[DATA SUPPLIED]
BEGIN
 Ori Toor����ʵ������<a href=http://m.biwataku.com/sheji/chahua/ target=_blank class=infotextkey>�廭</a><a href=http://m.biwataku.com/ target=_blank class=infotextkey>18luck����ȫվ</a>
END
BEGIN
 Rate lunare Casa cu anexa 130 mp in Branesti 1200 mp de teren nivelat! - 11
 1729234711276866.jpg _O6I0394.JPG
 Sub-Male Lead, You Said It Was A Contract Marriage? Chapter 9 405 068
END
[TASK TO CARRY OUT]
Among the entries above, copy exactly only the lines starting with the one containing "1729234711276866.jpg _O6I0394.JPG" and going through the one containing "Sub-Male Lead, You", both ends included.

[TASK ANSWER]
 1729234711276866.jpg _O6I0394.JPG
 Sub-Male Lead, You Said It Was A Contract Marriage? Chapter 9 405 068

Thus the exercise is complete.